Performance issue: matrix multiplication in C and C++

M

Michael Bader

Hi,

I'm currently working on a matrix multiplication code (matrix times
matrix), and have come along some interesting/confusing results
concerning the running time of the (apparently) same algorithm,
when implemented in C or C++. I noticed that the implementation
in C is faster by a factor of 2.5 compared to a identical(?)
C++-implementation.

The basic algorithm in C is:

/* in function main() */
idxC = 0;
for(i=0; i< dimension; i++)
for(k=0; k< dimension; k++) {
idxA = i*dimension;
endA = idxA + dimension;
idxB = k;
while ( idxA < endA ) {
Celem[idxC] += Aelem[idxA] * Belem[idxB];
idxA++;
idxB += dimension;
};
idxC++;
};

where matrices A, B, and C are implemented using a 1-dimensional
array and line-by-line numbering (i.e. Fortran-style).
For example, idxA points to the current element A(i,j) of matrix A.
After idxA++, the pointer will point to element A(i,j+1).
Similar, idxA += dimension will move the pointer to element A(i+1,j).
Thus, the code computes the matrix product C=A*B, while trying to
avoid explicit computation of matrix indices.

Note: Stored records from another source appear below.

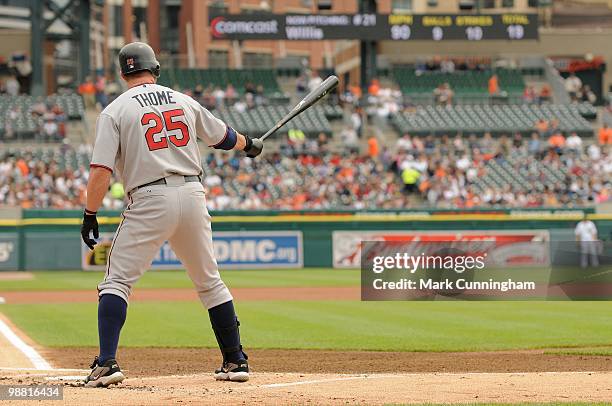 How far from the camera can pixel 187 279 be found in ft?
76.1

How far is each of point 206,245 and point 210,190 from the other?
21.8 metres

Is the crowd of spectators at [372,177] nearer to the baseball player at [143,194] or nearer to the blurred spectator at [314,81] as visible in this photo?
the blurred spectator at [314,81]

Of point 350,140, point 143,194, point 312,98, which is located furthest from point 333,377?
point 350,140

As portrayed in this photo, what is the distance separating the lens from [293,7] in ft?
191

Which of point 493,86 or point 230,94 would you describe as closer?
point 230,94

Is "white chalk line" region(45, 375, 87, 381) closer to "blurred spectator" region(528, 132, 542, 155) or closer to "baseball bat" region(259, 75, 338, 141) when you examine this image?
"baseball bat" region(259, 75, 338, 141)

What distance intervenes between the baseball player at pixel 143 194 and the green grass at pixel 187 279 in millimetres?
14249

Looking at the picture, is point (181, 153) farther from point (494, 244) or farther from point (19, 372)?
point (494, 244)

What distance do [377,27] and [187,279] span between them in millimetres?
15089

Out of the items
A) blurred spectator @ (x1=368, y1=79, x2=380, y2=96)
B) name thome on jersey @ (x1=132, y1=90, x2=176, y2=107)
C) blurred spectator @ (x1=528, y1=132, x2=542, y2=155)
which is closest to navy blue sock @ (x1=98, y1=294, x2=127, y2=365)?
name thome on jersey @ (x1=132, y1=90, x2=176, y2=107)

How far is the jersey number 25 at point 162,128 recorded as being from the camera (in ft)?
22.4

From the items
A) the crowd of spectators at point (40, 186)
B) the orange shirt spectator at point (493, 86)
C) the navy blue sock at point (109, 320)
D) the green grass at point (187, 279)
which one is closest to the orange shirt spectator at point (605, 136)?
the orange shirt spectator at point (493, 86)

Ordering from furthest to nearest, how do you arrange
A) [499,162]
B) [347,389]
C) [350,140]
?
[350,140]
[499,162]
[347,389]

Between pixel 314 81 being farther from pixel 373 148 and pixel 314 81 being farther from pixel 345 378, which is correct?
pixel 345 378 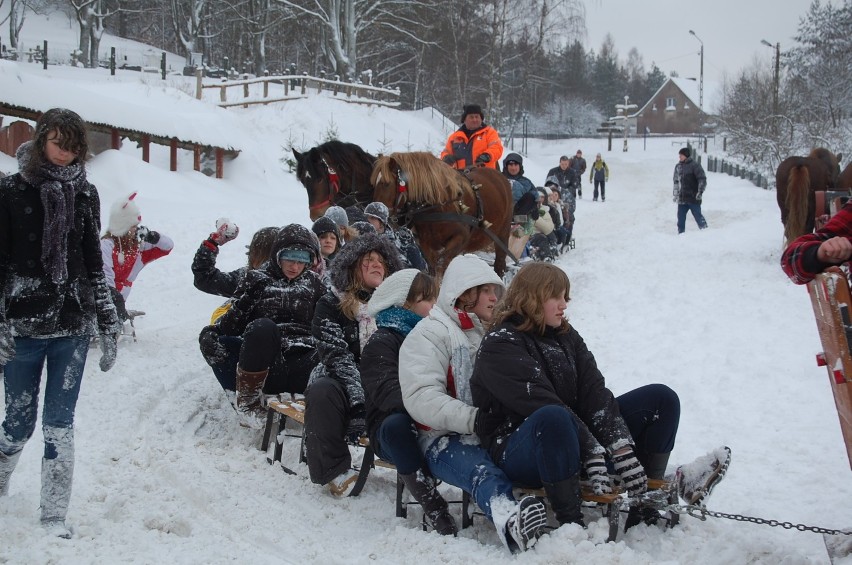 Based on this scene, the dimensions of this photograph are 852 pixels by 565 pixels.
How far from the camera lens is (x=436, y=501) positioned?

The respective algorithm in C++ is:

template<class MatElem>
void FortranMatrix<MatElem>::mult(const FortranMatrix<MatElem>& B,
FortranMatrix<MatElem>& C) const {
/* ... */
int idxC = 0;
for(int i=0; i< dimension; i++)
for(int k=0; k< dimension; k++) {
int idxA = i*dimension;
int endA = idxA + dimension;
int idxB = k;
while ( idxA < endA ) {
C.elem[idxC] += elem[idxA] * B.elem[idxB];
idxA++;
idxB += dimension;
};
idxC++;
};
}

Here, A, B, and C, are objects of some matrix class that have a
member elem (of type double*).

For the same size of matrices (729x729), the C implementation takes
around 10 seconds on my machine (Pentium III, gcc, version 3.2,
optimization level -O3 and -funroll-loops).
The C++-implementation takes approximately 25 seconds on the same
machine using g++ (same version, same optimization parameters).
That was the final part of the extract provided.